Consequently, many herders feel forced to give up their traditional lifestyle. They head for Mongolia’s capital city Ulaanbaatar and its semi-urban areas to find a better way of the life. But research regarding herder migration during the dzud of 2009-2010, which killed more than 8.5 million animals, shows these moves are not generally successful. The herders have been plunged into even greater poverty; exchanging their traditional grassland homes for slums
Tuv; Uvs; Arkhangai; Zavkan; Bayan-Ulgii; Khövsgöl; Bulgan; Selenge provinces
With the delivery of MRCS humanitarian aid we provided emergency shelter materials – including tarpaulins. This saved the lives of around 160,000 animals belonging to 1,950 of Mongolia’s most vulnerable households. We delivered these materials at the end of February /early March 2016 coinciding with the main calving season for livestock when protection from wind and weather is most critical.

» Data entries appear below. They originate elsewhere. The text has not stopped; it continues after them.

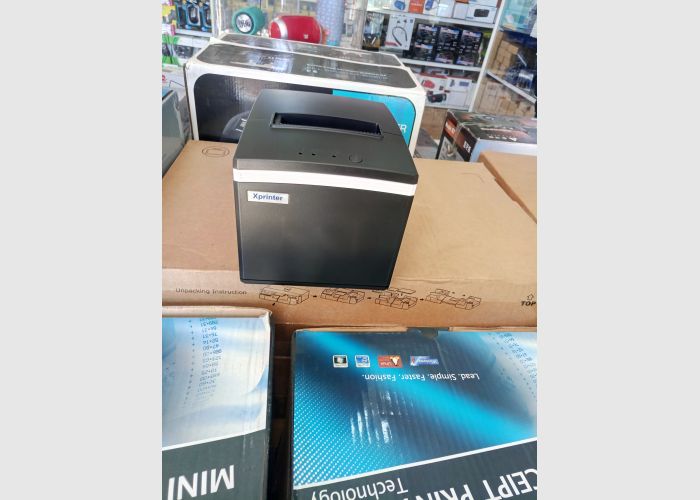 Receipt Printer 80MM UK
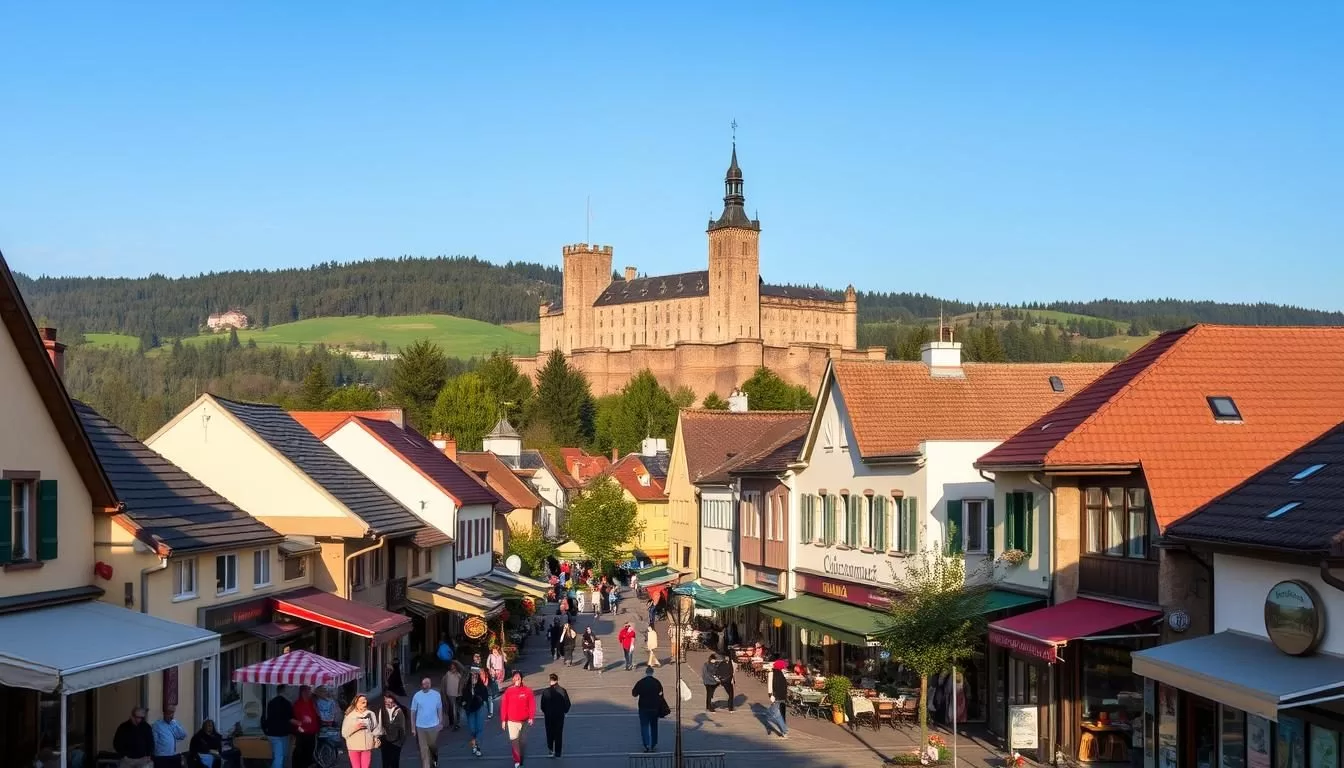 Ramstein, Germany: Best Things to Do - Top Picks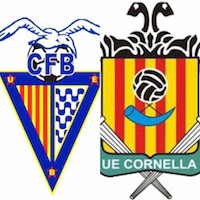 Badalona - Cornell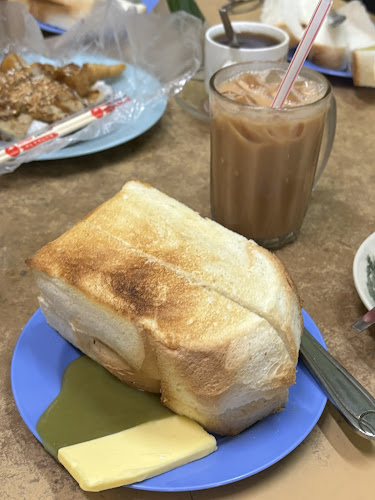 Opinii despre Pahang Raub Tong Nam Bee în Raub - Gastronomi dan perhotelan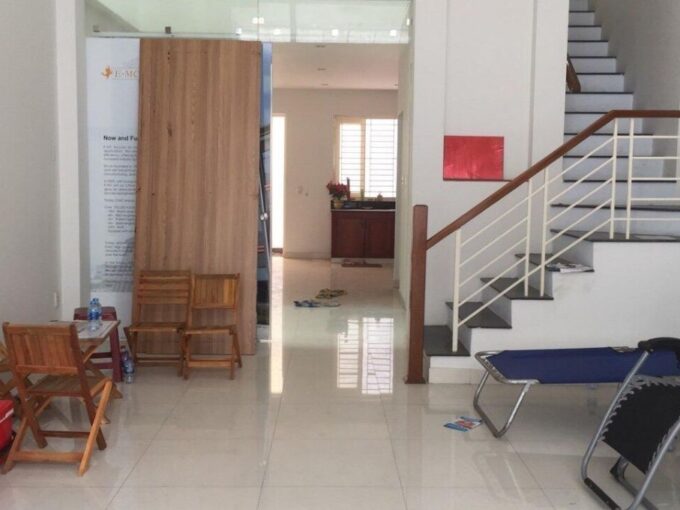 Levin BT 27143 - MANSION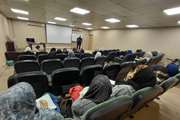 برگزاری کارگاه آموزشی برنامه SDH و تحکیم خانواده در مرکز بهداشت جنوب تهران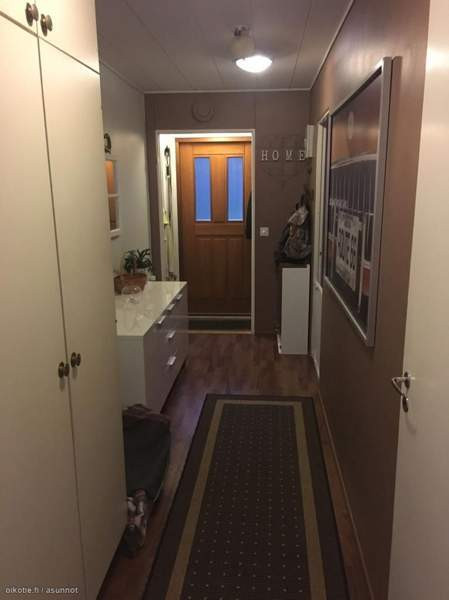 2h  Mänttä-Vilppula - valokuva 2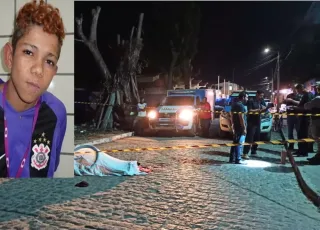 Flavinho é executado com vários tiros no bairro Castelinho em Teixeira de Freitas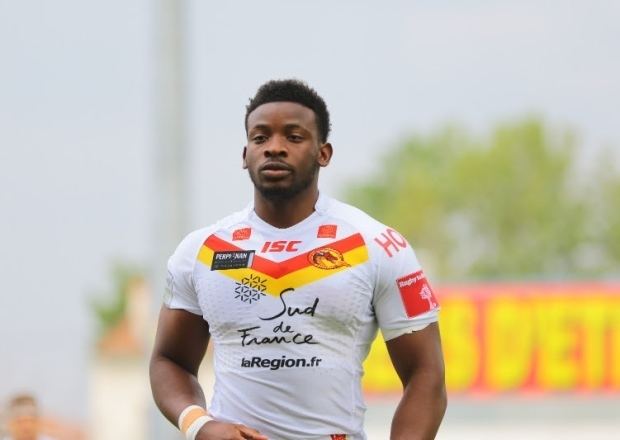 Gadwin Springer Castleford Tigers spring into action to sign French prop
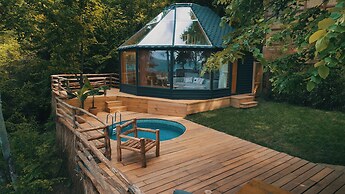 Sapanca Dağdibi Bungalov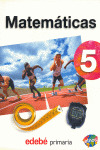 MATEMATICAS 5ºEP ETNOS 05
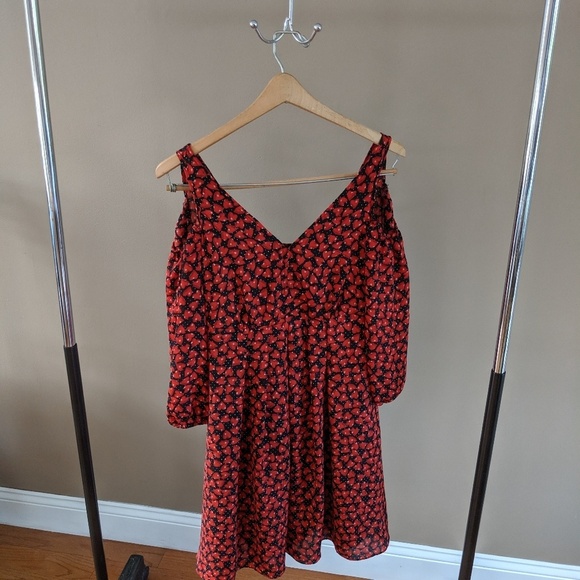 Disney Alice through the looking glass dress XS - Picture 2 of 7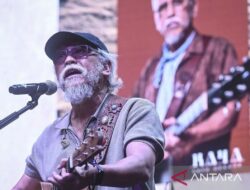 Investigasi Iwan Fals dan Kasus Pencabulan Anak: Penemuan Terbaru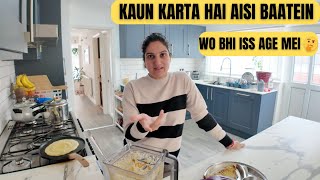 Surprise Kar diya Hume tou inn Baato nei | Indians Living in UK| Life in UK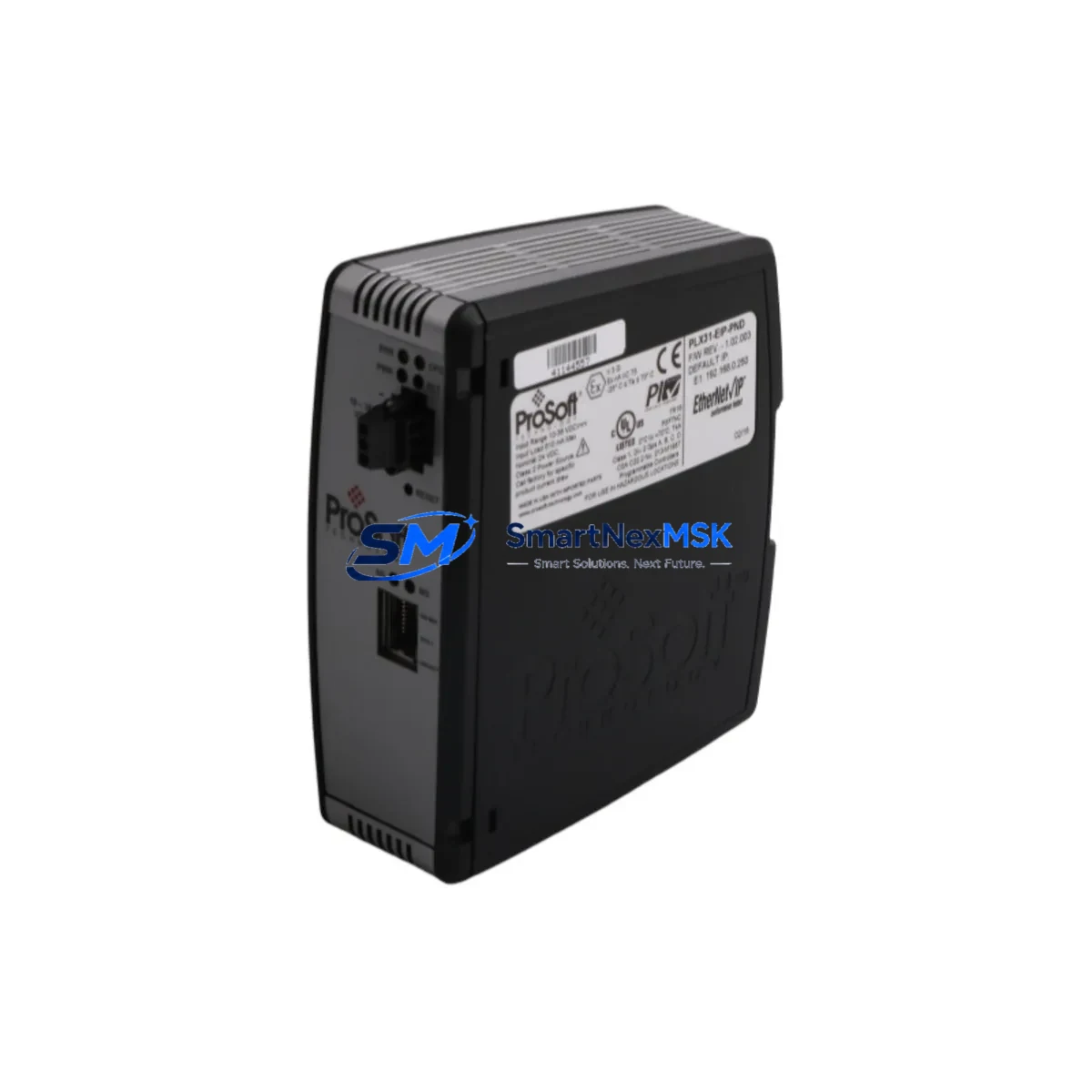 PROSOFT PLX31-EIP-PND EtherNet/IP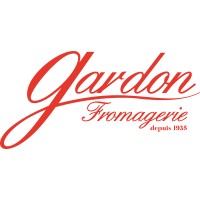 Fromagerie Gardon logo - Similar company to Fromagerie Planchon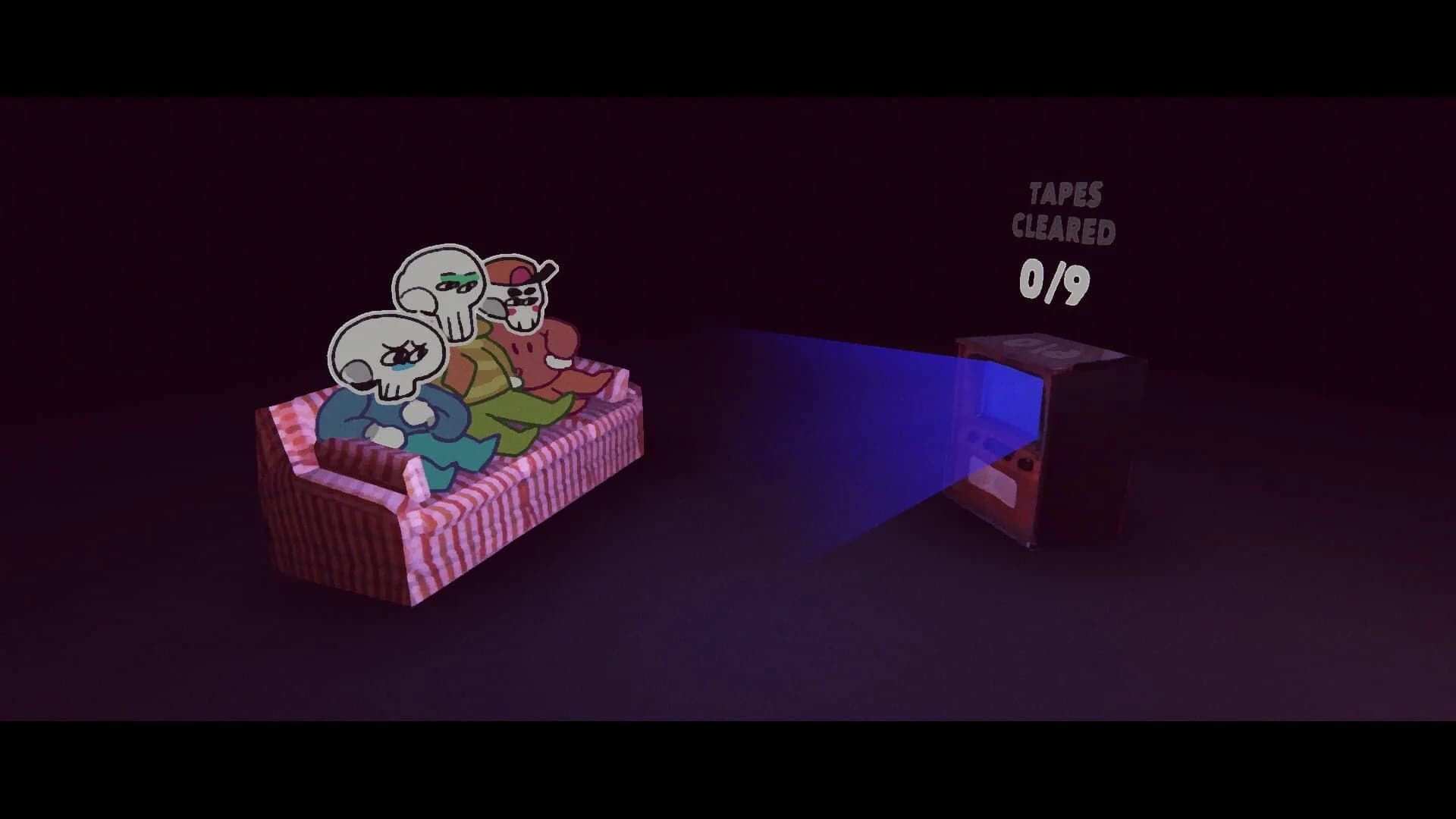 SpookWare screenshot 1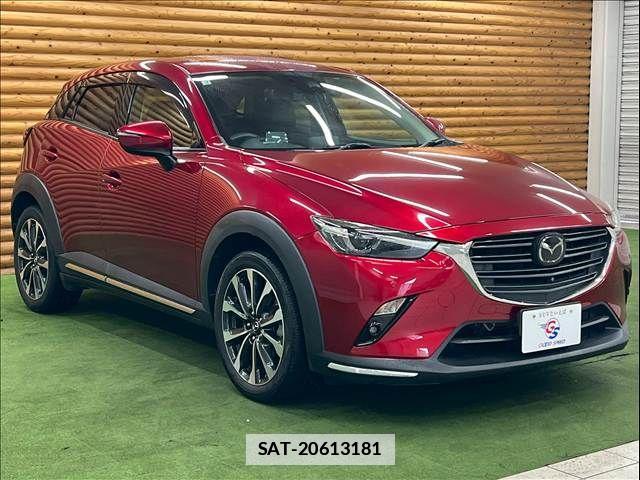 Mazda CX-3 2019-02 7783962-15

Working independently of MRCS, we also provided 750 of the worst affected households in Dundgovi Province with emergency nutrition packs. These helped livestock and their young regain strength, lowered the mortality rate significantly and improved the overall welfare of the animals in the herd. The pack included milk supplements for new-born animals and mineral blocks to provide nutrients for adult sheep and goats. The lives of nearly 95,000 animals were saved as a result. The success of the packs encouraged MRCS and other organisations to use them in other interventions.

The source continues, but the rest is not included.